FileHippo
- FileHippo Homepage as of July 2019
- Website type: Software directory
- Available in: English, German, Spanish, French, Italian, Polish, Japanese, Chinese
- Owner: Softonic
- Website: filehippo.com
- Commercial: No
- Registration: None
- Launched: 2004; 22 years ago
- Current status: Online

= FileHippo =

Software downloading website

FileHippo is a software downloading website that offers computer software for Windows. The website has sections listing most recently updated programs and most popular downloads, organised by category, with program information and link. Registration is not required in this website, and FileHippo does not accept software submissions from publishers.

==History==
FileHippo was established in 2004 by the technology company, Well Known Media, of Ramsey, Isle of Man. The site added a news section in 2014. FileHippo was estimated to be worth over US$13,000,000 in November 2015.

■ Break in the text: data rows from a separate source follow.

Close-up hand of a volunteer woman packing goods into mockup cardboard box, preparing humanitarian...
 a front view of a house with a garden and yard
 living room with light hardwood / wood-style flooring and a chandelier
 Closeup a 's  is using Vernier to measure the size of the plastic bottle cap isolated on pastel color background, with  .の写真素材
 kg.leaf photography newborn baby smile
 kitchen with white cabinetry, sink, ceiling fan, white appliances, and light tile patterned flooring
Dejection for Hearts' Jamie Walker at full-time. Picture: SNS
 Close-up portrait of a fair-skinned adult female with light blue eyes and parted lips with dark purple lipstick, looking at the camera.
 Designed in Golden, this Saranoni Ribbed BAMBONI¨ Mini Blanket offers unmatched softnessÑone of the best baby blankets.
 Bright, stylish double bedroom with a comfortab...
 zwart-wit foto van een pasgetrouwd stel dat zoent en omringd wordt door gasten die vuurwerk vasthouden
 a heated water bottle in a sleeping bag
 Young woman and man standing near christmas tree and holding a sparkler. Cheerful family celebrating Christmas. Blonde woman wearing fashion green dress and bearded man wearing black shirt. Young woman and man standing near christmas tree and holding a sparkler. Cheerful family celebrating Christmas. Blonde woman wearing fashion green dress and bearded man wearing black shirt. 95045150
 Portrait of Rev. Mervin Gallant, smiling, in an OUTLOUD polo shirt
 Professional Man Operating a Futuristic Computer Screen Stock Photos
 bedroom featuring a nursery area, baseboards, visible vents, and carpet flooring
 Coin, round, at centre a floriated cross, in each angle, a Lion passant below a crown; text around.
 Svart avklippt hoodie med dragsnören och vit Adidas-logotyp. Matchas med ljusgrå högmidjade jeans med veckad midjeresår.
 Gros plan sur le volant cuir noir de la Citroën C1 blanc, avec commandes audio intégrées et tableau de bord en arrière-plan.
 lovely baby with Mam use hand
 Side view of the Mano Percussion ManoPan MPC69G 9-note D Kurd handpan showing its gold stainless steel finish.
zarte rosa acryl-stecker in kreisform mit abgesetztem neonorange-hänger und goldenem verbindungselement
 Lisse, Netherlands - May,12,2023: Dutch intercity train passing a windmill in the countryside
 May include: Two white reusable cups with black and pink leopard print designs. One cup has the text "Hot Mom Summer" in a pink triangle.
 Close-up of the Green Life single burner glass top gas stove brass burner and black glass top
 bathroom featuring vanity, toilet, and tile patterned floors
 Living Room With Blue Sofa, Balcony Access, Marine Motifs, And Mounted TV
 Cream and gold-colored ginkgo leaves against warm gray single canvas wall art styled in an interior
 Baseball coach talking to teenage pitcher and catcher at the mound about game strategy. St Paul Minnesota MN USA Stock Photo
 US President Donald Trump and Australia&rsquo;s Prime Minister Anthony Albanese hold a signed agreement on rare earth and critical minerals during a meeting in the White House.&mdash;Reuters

Before Softonic acquired the FileHippo.com website, it was funded by user donations and third-party advertising, had an Update Checker, later renamed App Manager, a free program that scanned a computer for outdated software and offered links to more recent versions, later redirecting to IObit Software Updater.

Softonic acquired FileHippo. On the FileHippo home page formerly stated "© FileHippo s.r.o." and since , it states "Softonic International, S.A. holds the license to use the name and logo of Filehippo".